Fordham University has a rich baseball tradition, dating back to 1859 when the “Rose Hills” took on St. Francis Xavier in the first college baseball game with nine men on a side. On April 20, the Fordham University recognized eight who are responsible for some of those traditions with a pregame plaque ceremony.
The eight, Esteban “Steve” Bellán, Jack Coffey, Frankie Frisch, Dan Gallagher, John Kieran, Walter O’Malley, Vin Scully, and Ed Walsh, were each honored with a special plaque that will be displayed at Houlihan Park at Jack Coffey Field.
Bellán was the first Cuban and the first Latin American to play major league baseball, a game he learned as a student at Fordham (then St. John’s).

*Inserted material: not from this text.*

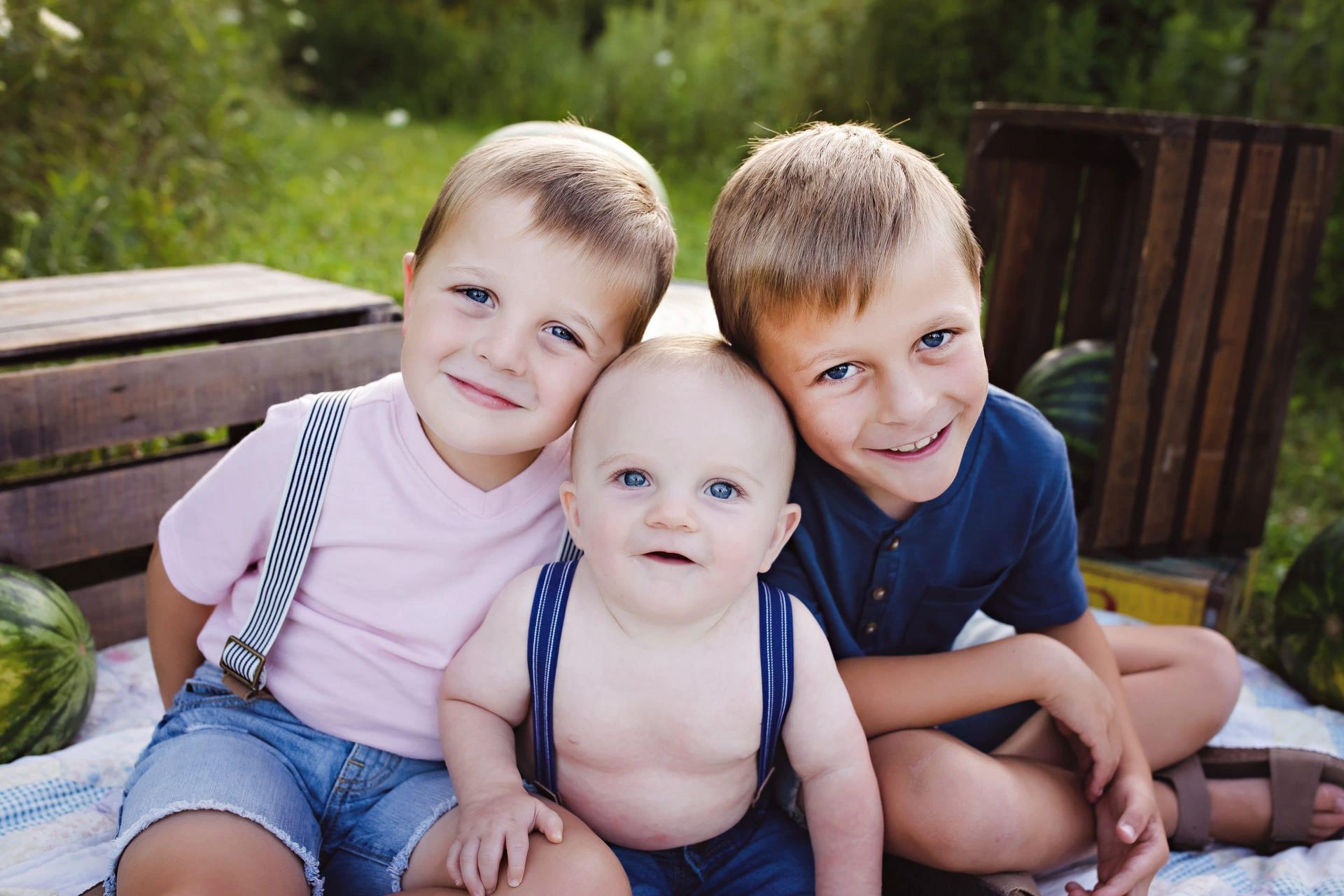 Three young boys are sitting next to each other on a blanket.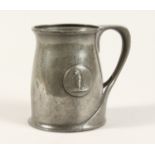 A TUDRIC ARCHIBALD KNOX PEWTER TANKARD with an oval of a golfer No. 066 4.25ins high.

Jack Coffey was associated with Fordham in some capacity for 61 of his 78 years. As head baseball coach, he helped the Rams become a national sports powerhouse, winning five Eastern Collegiate Conference championships and 14 Metropolitan Conference titles along with a school record 1,095 wins.
Kieran, a member of the Fordham baseball team as an undergraduate, became one of the country’s best known sports columnists and was the recipient of the 1973 J.G. Taylor Spink Award at the National Baseball Hall of Fame ceremony.
Vin Scully was a member of the Fordham baseball team as an undergraduate and began his career as a broadcaster at WFUV. He joined the Brooklyn Dodgers’ radio and television booths shortly after graduation and has been with the franchise ever since.
Ed Walsh had a brief though remarkable major league career following his stint at Fordham. He averaged 24 victories, 220 strikeouts and posted an ERA below 2.00 five times.
A 1930 Fordham University Law School graduate, Walter O’Malley owned the Brooklyn/Los Angeles Dodgers from 1950 to 1979. He served as the Dodgers’ chief legal counsel when Jackie Robinson broke the racial color barrier in 1947.
Dan Gallagher served as head baseball coach for 21 years, amassing 518 career wins, second only to Coffey on the school’s all-time win list. Gallagher received the Fordham Coach of the Year Award three times in his tenure.
Frankie Frisch, the “Fordham Flash,” excelled in football and baseball at Rose Hill, pacing the 1919 baseball team to the Eastern Championship and a number two national ranking. He played major league baseball for 19 years, before being elected to the National Baseball Hall of Fame.
The ceremony was made possible by the support of Jim Houlihan, GSB ’74, former baseball Ram and the namesake of Houlihan Park.